ローカルDNSサーバのリゾルバ(フルサービスリゾルバ)は、ルートネームサーバに「ascii.co.jpのIPアドレスを教えてください」と問い合わせる。ルートネームサーバは、世界中で13サイトが運用されており、各サイトにはA.ROOT-SERVERS.NETからM-ROOT-SERVERS.NETまで名前が付けられている。これらのIPアドレスは、「ルートヒントファイル」として配布されており、DNSサーバに登録するようになっている。ちなみに日本国内にあるのはM.ROOT-SERVERS.NETとなる。なお、毎回ルートネームサーバに尋ねると負荷が高くなるので、通常は得た結果をキャッシュして次回の問い合わせに備えるようになっている。
ローカルDNSサーバのリゾルバの問い合わせに対して、ルートネームサーバが直接IPアドレスを教えてくれるわけではない。
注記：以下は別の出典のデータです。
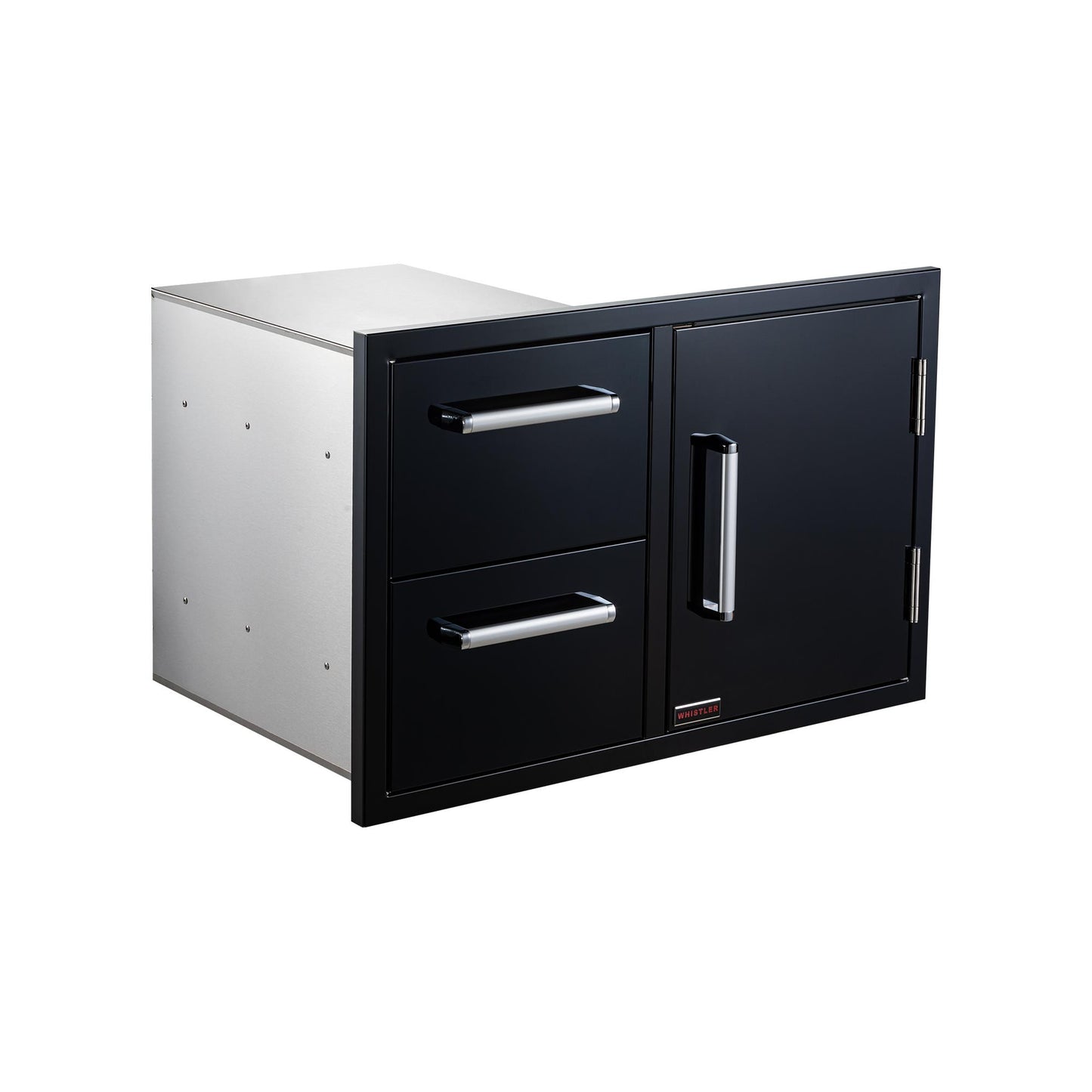 Whistler Grills Black Silk Burford Double Drawers Single Door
通常、ルートネームサーバからは「私は直接知らないので、こちらに聞いてください」と、別のDNSサーバを紹介してくる。次に、ルートから紹介されたサーバに「ascii.co.jpのIPアドレスを教えてください」と尋ねると、再び別のDNSサーバを紹介される。この問い合わせを何度か繰り返すことで、宛先メールサーバが所属するドメインを管理するDNSサーバにたどり着く。
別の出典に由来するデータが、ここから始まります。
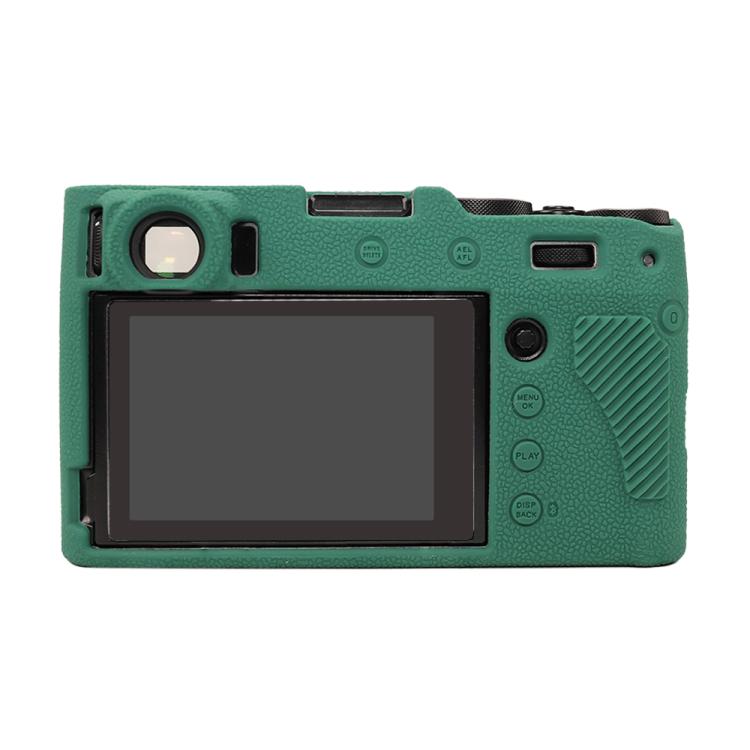 For FUJIFILM X100VI Litchi Texture Soft Silicone Protective Case(Green) by bashfashion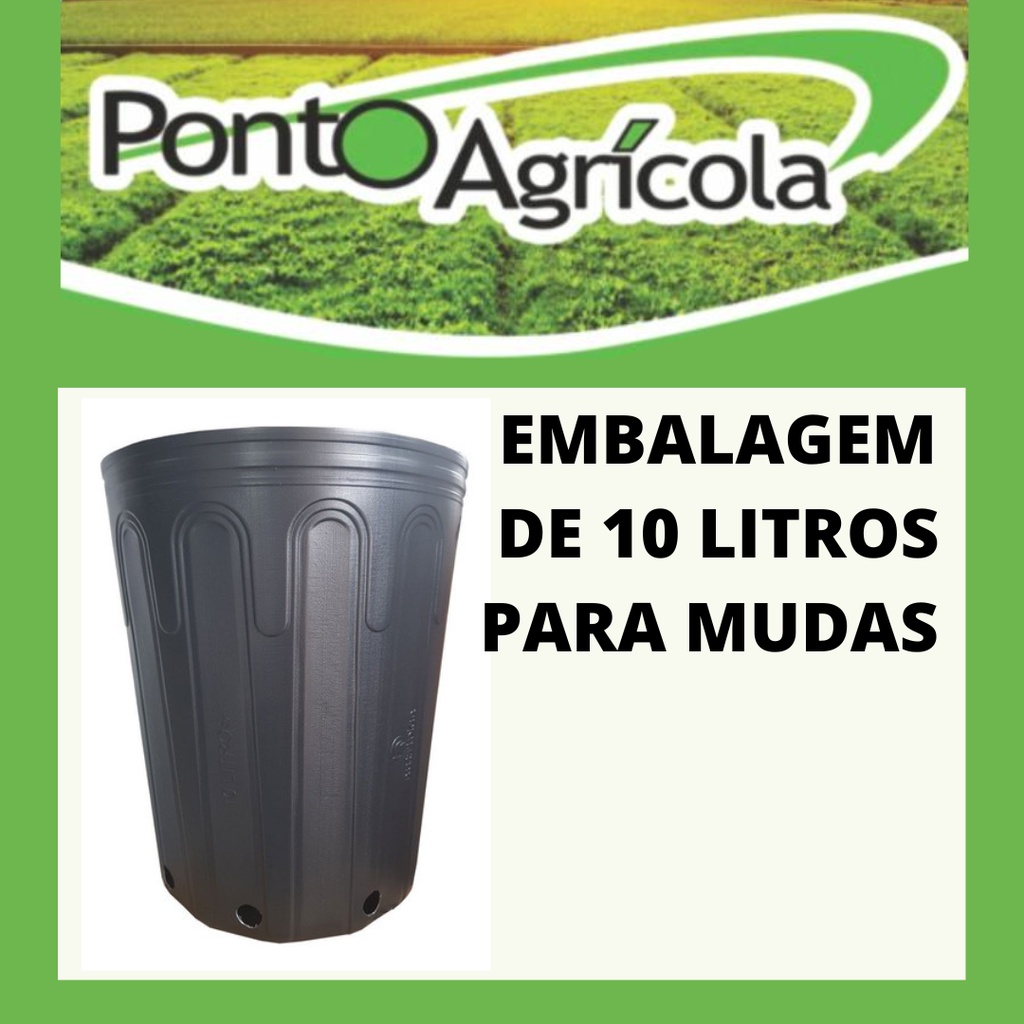 Embalagem De 10 Litros Para Mudas 20 Unidades Sementes Pote Vaso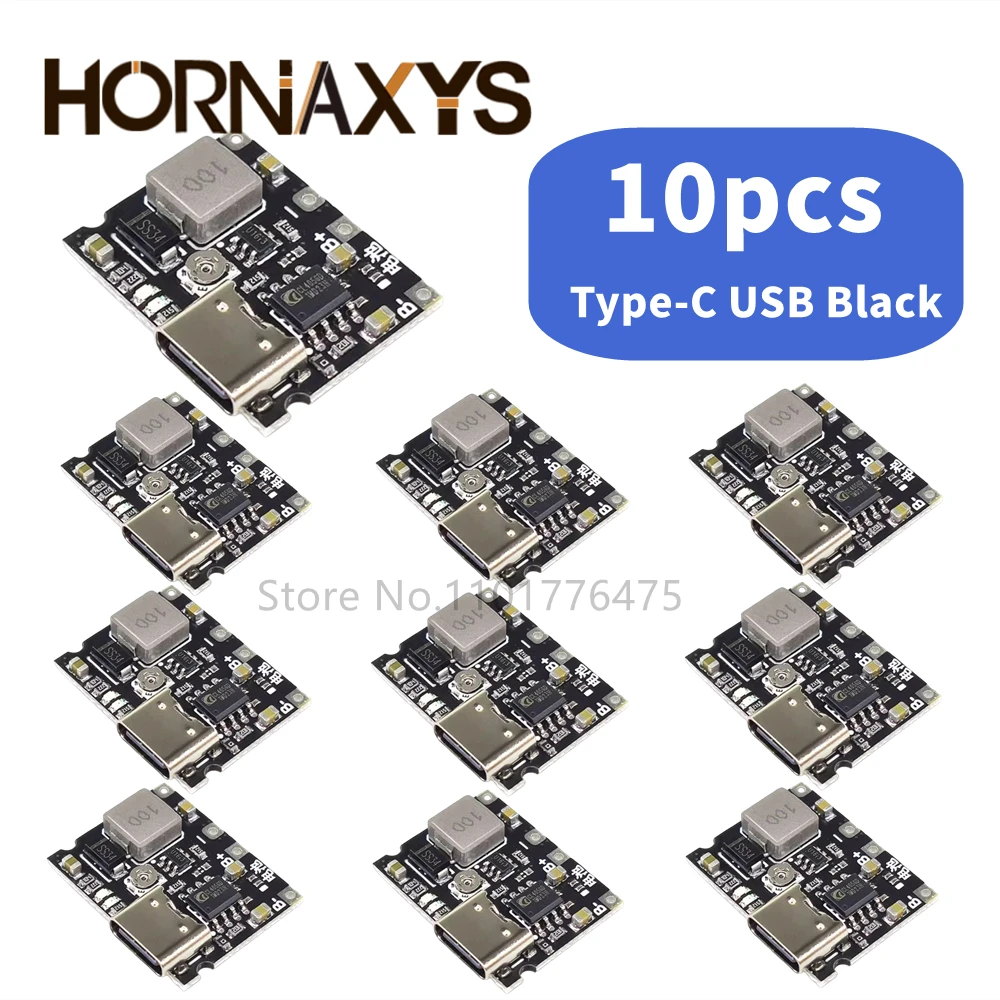 10pcs/TP4056 3.7V 4.2V 9V 5V 2A Adjustable Step Up Module 18650 Lithium Li-ion Battery Charging Discharge Power Board DIY Kit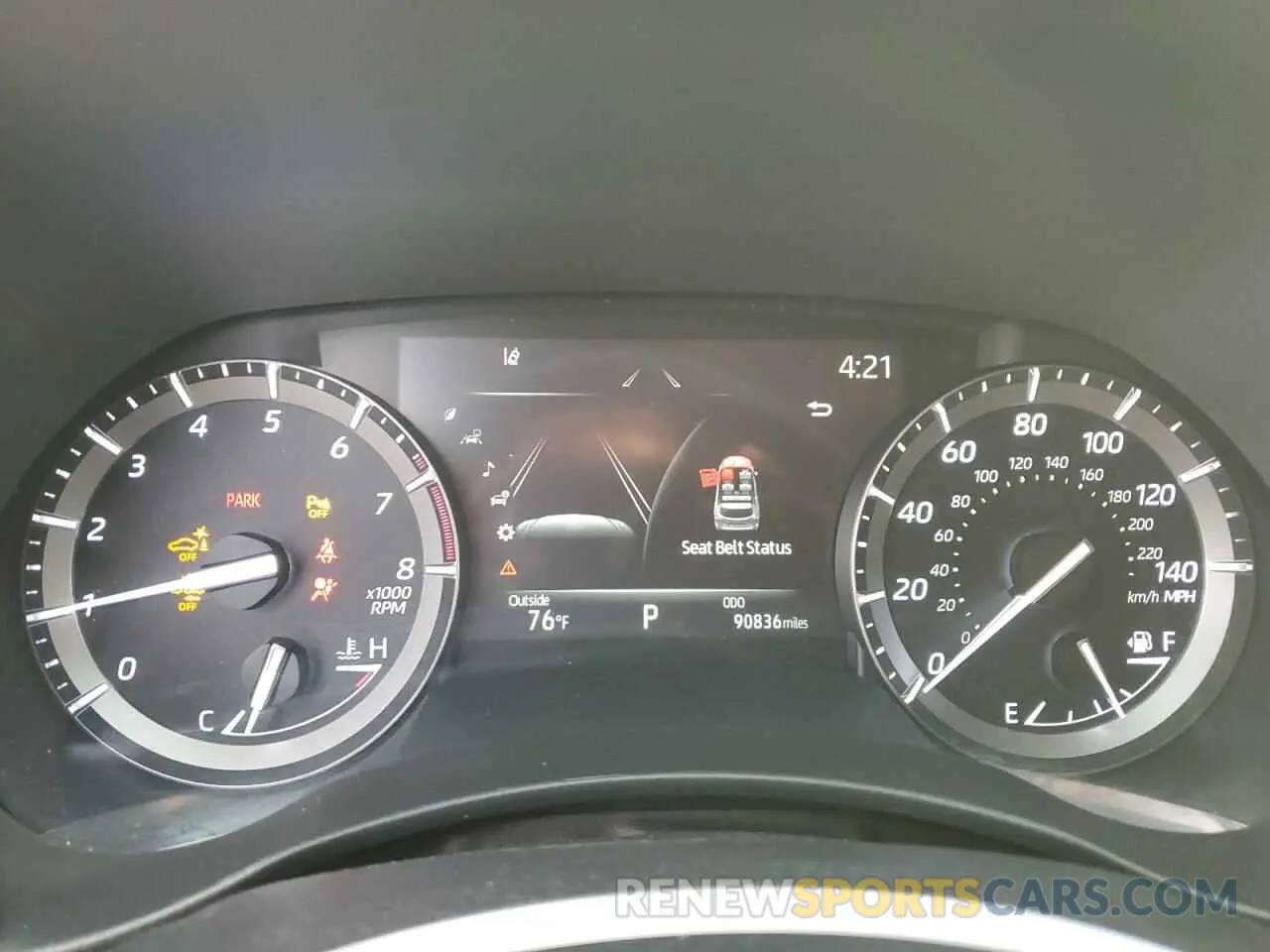 9 fotografías del automóvil dañado 5TDYZRAH0MS071025 TOYOTA HIGHLANDER 2021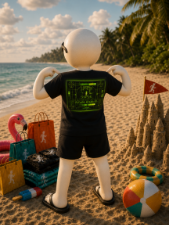 I Survived 2020 — "Please Stand By" Test Pattern Toxic Signal Tee Special Edition Summer Premiere Unisex Jersey Short Sleeve Tee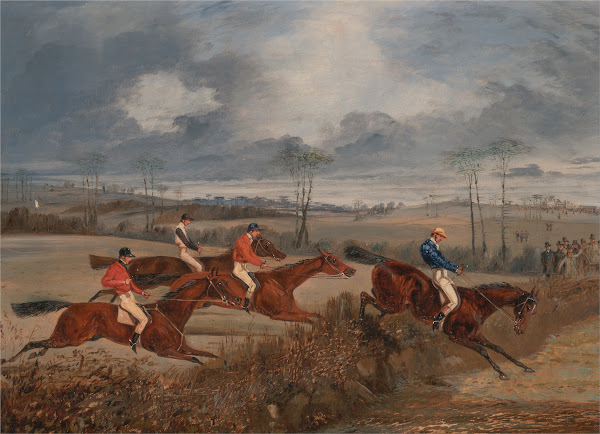 Scenes from a steeplechase Taking a Hedge ca 1845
するとローカルDNSサーバは、今度は「メールサーバのホスト名を教えてください」と問い合わせる。DNSサーバには、ホスト名とIPアドレスの対応表(これをリソースレコードという。おもなリソースレコードは表3)のほかにも、メールサーバのホスト名や優先順位などが登録されている。これらの情報を受け取ったローカルDNSサーバは、優先順位の高いメールサーバのIPアドレスを尋ね、DNSサーバからの応答を得る。このIPアドレスをスタブリゾルバに返せば、送信元メールサーバから宛先メールサーバに対してメールが送れるというわけだ。